El Conde-Duque buscaba suprimir el concepto de “Rey de las Españas” para que al monarca se le conociese solo como “Rey de España”. Su idea era reducir a una sola organización política la variedad de reinos que configuraban España.
Así se expresaba el Conde-Duque de Olivares en el Gran Memorial: “Tenga Vuestra Majestad por el negocio más importante de su Monarquía, el hacerse Rey de España: quiero decir, Señor, que no se contente Vuestra Majestad con ser Rey de Portugal, de Aragón, de Valencia, Conde de Barcelona, sino que trabaje y piense con consejo mudado y secreto por reducir estos reinos de que se compone España al estilo y leyes de Castilla, sin ninguna diferencia”.
También buscaba la unidad económica y fiscal, para lo que intentó implantar un sistema contributivo en el que todos los territorios fueran solidarios con las necesidades de la Corona. El programa político de Olivares se asemeja al que también se estaba imponiendo en el resto de las cortes europeas.
Con el paso del tiempo, la preocupación más acuciante se centraba en el terreno militar. Hasta entonces, el peso humano y económico de la guerra había recaído en Castilla. De ahí que, en 1625, el valido propusiese la creación de un ejército permanente de 140.000 hombres, distribuidos por cupos, al que todos los territorios contribuyesen de forma proporcional. Este programa recibió el nombre de Unión de Armas
Cada territorio debía abastecer y mantener a las tropas asignadas. Estas no tenían que estar permanentemente en armas, sino preparadas para cuando fuesen convocadas en razón de una emergencia. De este modo, el Rey, contando con las fuerzas de reserva, podría acudir en ayuda de cualquier territorio que fuese atacado. Además, se aliviaba a la castigada Castilla de su esfuerzo bélico.
El intento centralizador del Conde-Duque no tardó en enfrentarse a una fuerte oposición. La urgencia y el imprescindible consenso para sacar el proyecto adelante hicieron que se viera con reticencia en las distintas Cortes. Las Cortes de Aragón y de Valencia aprobaron una parte considerable de la propuesta. También se consiguió la aceptación de Flandes y de Italia, pero las Cortes catalanas se negaron a participar en el proyecto y a contribuir al fondo común. La tensión con Cataluña fue aumentando, hasta que en 1640 estalló la revuelta que tardó doce años en sofocarse.
No solo la negativa catalana puso en entredicho el proyecto de Olivares. Entre 1626 y 1640, otros acontecimientos condujeron al fracaso de la Unión de Armas: la bancarrota de 1627, el motín de la sal en Vizcaya en 1631, o la entrada de Francia en la Guerra de los Treinta Años en 1635.

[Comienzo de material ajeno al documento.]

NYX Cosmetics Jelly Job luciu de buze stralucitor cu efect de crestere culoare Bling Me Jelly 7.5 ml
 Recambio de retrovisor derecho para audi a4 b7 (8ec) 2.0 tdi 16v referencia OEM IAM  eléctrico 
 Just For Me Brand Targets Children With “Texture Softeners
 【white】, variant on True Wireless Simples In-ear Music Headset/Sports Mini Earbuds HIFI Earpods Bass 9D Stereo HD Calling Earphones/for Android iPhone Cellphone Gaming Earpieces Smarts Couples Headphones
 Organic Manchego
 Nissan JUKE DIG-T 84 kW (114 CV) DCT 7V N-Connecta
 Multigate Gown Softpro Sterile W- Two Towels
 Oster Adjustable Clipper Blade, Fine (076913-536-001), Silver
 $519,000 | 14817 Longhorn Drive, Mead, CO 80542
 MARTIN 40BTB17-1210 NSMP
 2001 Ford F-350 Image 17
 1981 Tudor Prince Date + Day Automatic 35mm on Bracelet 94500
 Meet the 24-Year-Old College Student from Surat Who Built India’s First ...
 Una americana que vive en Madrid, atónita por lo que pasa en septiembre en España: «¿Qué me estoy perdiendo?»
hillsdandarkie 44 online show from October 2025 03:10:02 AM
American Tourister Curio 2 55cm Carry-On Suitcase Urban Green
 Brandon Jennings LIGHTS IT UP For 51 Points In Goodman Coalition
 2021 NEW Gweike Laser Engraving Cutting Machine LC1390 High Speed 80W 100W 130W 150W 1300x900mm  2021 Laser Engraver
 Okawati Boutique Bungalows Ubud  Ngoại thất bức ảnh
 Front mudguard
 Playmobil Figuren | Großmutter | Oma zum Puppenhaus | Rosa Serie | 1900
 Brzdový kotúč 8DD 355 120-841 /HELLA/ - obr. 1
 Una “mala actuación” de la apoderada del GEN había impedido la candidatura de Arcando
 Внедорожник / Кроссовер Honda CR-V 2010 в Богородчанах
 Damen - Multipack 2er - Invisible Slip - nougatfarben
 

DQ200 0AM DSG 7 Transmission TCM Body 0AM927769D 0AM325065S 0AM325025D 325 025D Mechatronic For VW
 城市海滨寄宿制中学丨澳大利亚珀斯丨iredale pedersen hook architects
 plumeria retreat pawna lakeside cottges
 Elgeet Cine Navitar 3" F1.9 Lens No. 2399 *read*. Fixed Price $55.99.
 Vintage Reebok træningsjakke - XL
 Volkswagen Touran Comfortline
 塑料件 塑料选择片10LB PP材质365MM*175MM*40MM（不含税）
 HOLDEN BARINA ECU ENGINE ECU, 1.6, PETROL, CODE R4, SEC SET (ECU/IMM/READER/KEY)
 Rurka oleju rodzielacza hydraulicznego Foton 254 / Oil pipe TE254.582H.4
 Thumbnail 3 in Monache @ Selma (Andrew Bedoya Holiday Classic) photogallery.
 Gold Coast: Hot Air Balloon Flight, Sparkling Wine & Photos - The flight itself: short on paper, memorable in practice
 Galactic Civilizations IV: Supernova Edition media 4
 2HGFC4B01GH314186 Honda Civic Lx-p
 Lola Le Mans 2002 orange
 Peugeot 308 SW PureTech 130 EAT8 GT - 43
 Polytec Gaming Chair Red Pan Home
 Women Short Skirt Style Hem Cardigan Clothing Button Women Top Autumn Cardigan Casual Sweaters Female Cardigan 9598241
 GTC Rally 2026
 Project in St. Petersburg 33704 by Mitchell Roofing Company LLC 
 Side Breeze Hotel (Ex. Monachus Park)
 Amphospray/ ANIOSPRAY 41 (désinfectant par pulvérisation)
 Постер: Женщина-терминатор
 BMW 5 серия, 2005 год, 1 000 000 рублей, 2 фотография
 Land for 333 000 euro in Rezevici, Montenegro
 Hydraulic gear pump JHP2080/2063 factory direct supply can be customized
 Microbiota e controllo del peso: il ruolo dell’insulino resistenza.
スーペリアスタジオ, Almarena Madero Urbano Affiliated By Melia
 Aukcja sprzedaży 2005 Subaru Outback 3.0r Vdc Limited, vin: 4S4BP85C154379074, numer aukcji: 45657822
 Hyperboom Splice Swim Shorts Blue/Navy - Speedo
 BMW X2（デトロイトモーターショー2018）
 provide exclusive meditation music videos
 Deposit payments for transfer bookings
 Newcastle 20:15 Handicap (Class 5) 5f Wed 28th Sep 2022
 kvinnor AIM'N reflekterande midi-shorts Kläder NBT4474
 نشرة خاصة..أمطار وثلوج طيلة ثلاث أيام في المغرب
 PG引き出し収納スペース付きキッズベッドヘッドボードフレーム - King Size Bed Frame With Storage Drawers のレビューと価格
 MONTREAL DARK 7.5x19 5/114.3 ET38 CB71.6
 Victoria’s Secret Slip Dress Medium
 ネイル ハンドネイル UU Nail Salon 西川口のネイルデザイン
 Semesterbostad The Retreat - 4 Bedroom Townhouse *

El deterioro de la situación política y militar llevó a Felipe IV a prescindir del Conde-Duque, quien fue destituido de sus cargos en 1643.
A pesar del fracaso de la Unión de Armas, el Conde-Duque de Olivares diseñó el primer proyecto político de España que buscaba racionalizar, unificar y homogeneizar la política de la Monarquía Hispánica en todos sus territorios. En definitiva, lo que planteó Olivares era alcanzar un Estado orgánico y unificado, en el que todos los habitantes y todos los territorios que lo integraban tuviesen la misma consideración y contasen con los mismos derechos y obligaciones.